====== LISTED ENTRIES

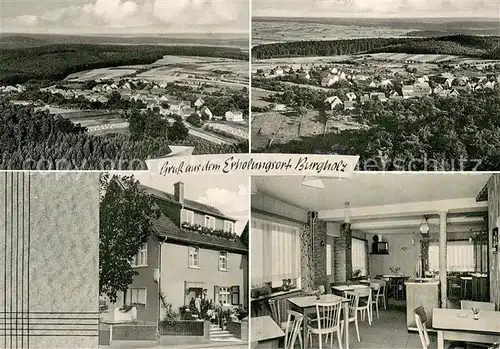 AK / Ansichtskarte Burgholz_Kirchhain Panorama Restaurant Pension Zur Waldeshoehe Burgholz Kirchhain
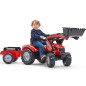 Koparka na pedały z przyczepką Massey Ferguson / Falk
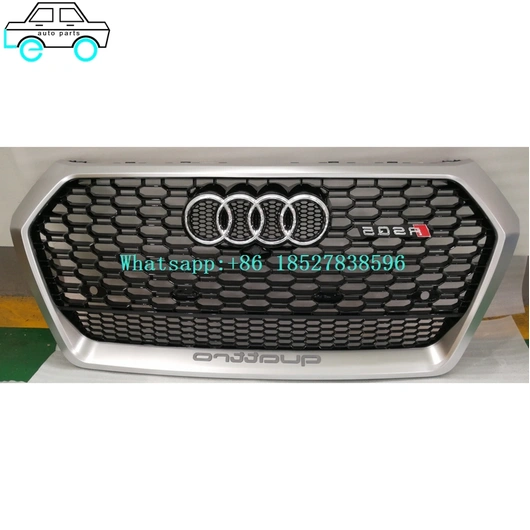 Front Bumper Grilles Middle Grills For Audi 18RSQ5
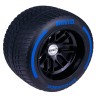 Pneumatico Pirelli Pole Position scala 1:2 - Extreme Rain - Blu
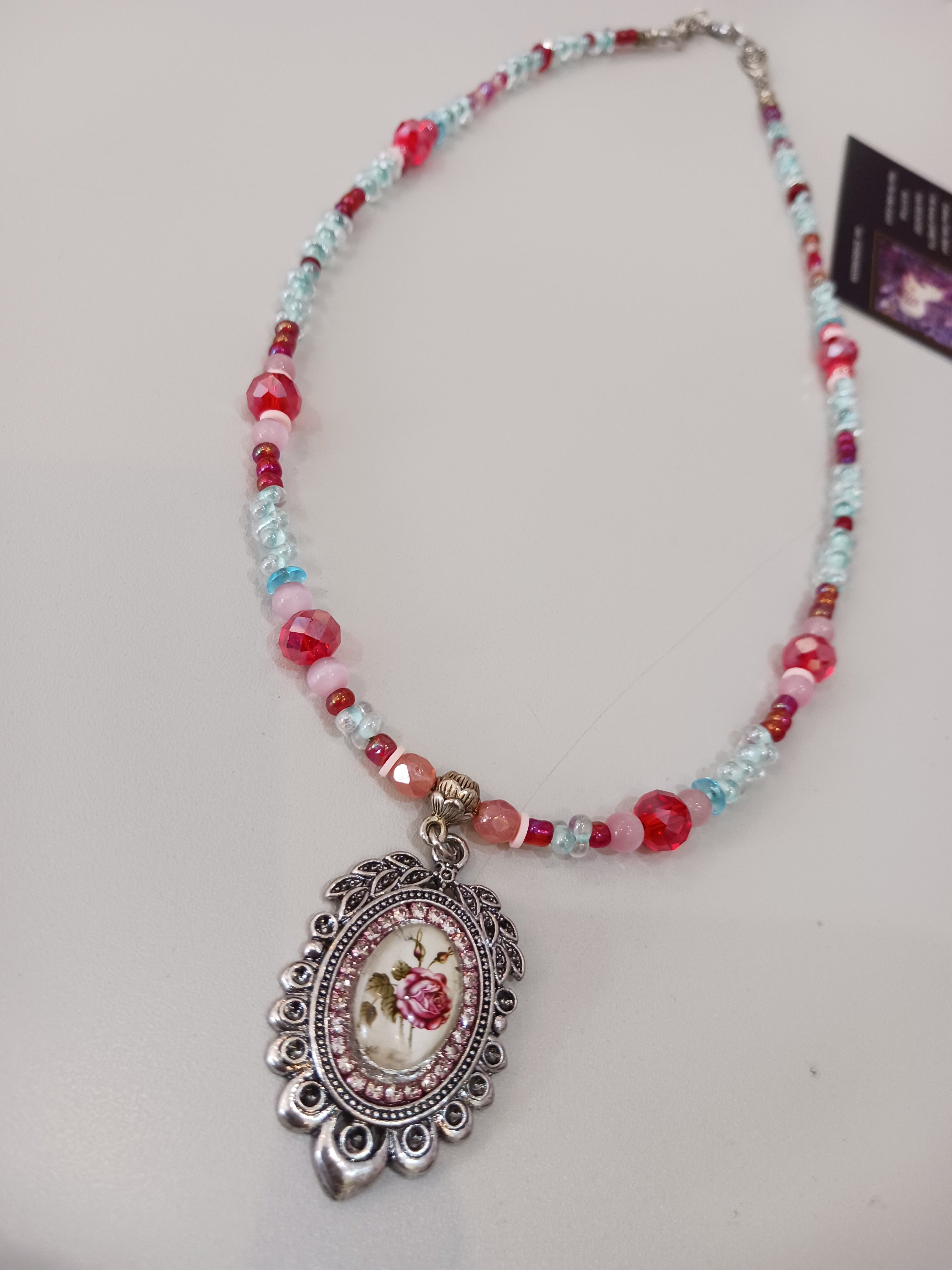 Collier rose 🌹 éternelle
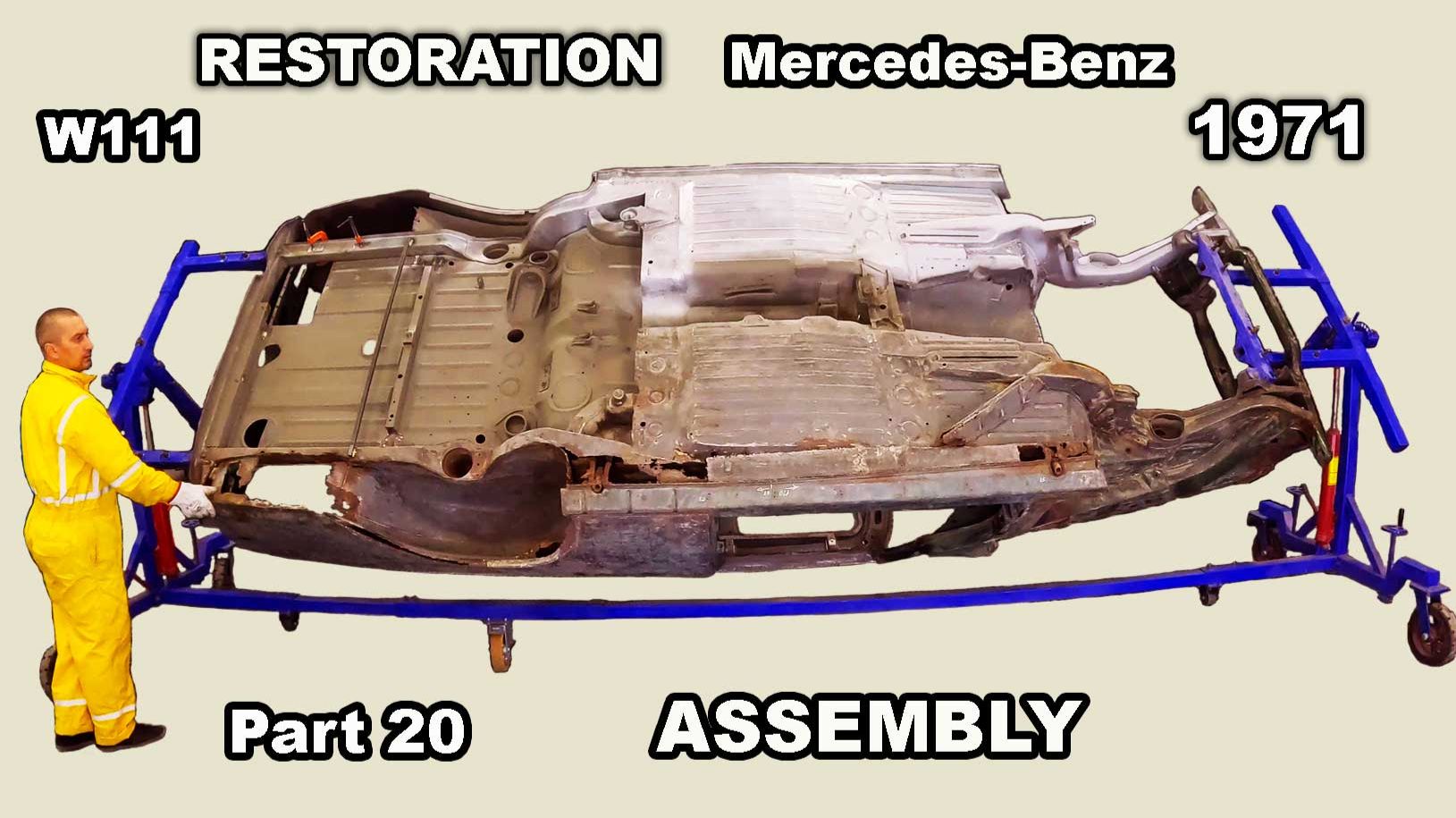 Restoration Mercedes-Benz W111 Part 20 ASSEMBLY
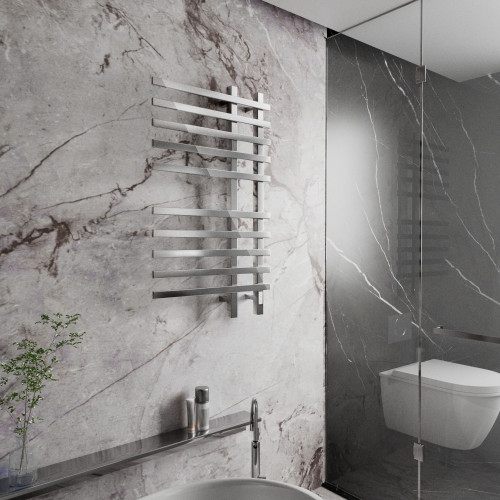 Полотенцесушитель электрический (лесенка) Bauedge Wind DB-0054, 60x100 см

============

▸ REQUIREMENT
Transcribe the entries above exactly, from their first line through the line with "Collier rose 🌹 éternelle", and omit all pictures.

▸ ANSWER BELOW
 AK / Ansichtskarte Burgholz_Kirchhain Panorama Restaurant Pension Zur Waldeshoehe Burgholz Kirchhain
 Koparka na pedały z przyczepką Massey Ferguson / Falk
 Front Bumper Grilles Middle Grills For Audi 18RSQ5
 Pneumatico Pirelli Pole Position scala 1:2 - Extreme Rain - Blu
 Collier rose 🌹 éternelle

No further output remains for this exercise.